(Caption-style text data)
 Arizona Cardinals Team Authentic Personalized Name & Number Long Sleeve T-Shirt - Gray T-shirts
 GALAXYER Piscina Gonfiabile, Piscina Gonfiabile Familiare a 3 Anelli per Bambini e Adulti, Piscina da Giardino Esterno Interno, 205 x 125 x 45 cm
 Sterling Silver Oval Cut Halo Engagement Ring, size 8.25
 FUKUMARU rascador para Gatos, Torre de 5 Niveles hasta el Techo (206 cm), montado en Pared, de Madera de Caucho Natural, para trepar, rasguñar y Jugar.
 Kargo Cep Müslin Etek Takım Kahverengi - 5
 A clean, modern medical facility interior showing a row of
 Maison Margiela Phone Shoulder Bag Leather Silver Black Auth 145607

Task goal> Set down, word for word, every line from the line that holds "Sterling Silver Oval" to the end of the entries above, including both ends.

Exercise solution>
 Sterling Silver Oval Cut Halo Engagement Ring, size 8.25
 FUKUMARU rascador para Gatos, Torre de 5 Niveles hasta el Techo (206 cm), montado en Pared, de Madera de Caucho Natural, para trepar, rasguñar y Jugar.
 Kargo Cep Müslin Etek Takım Kahverengi - 5
 A clean, modern medical facility interior showing a row of
 Maison Margiela Phone Shoulder Bag Leather Silver Black Auth 145607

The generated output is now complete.